The septum is a wall, which separates the heart’s left and right chambers. A defect between the two upper heart chambers (the atria) is called atrial septal defect. When there is a defect between the atria, blood will flow from the left upper chamber (left atrium) to the right atrium because of higher pressure in the left atrium. Thus more blood is pumped to the lungs and if left untreated will result in high pressure of the lung vessels (pulmonary hypertension).

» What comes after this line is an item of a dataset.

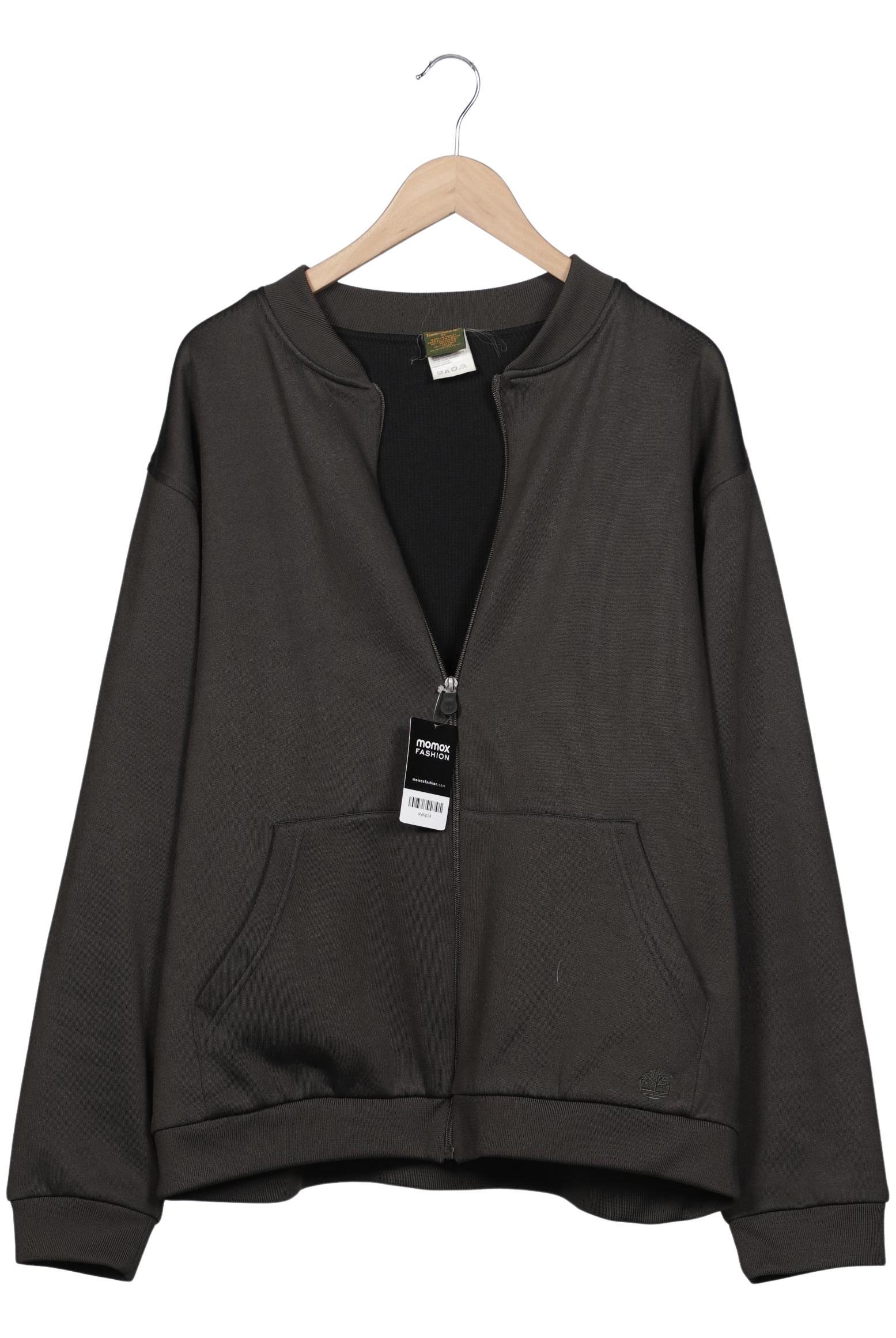 

Timberland Herren Jacke, grün, Gr. 54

Percutaneous Device Closure / Surgical intervention
The defect can be closed by device or surgical repair depending on the size of the defect and the presence of pulmonary hypertension. After the defect is closed, the patient will need regular follow-up with a cardiologist
Activity restrictions are unnecessary unless there are associated problems that you and your cardiologist have discussed. However, after ASD device closure, patient will be advised to refrain from strenuous activity and heavy lifting for at least 6 months
Prevention of Endocarditis
Antibiotic prophylaxis prior to dental or other surgical procedures is recommended for patients with unrepaired ASD especially if there are other associated heart defects, to prevent endocarditis (infection of inner layer of the heart). After ASD device closure or surgical repair, antibiotic prophylaxis is still required up to 6 – 12 months, depending on whether the defect has completely closed.
It is important to discuss any concerns regarding pregnancy or starting a family with your cardiologist.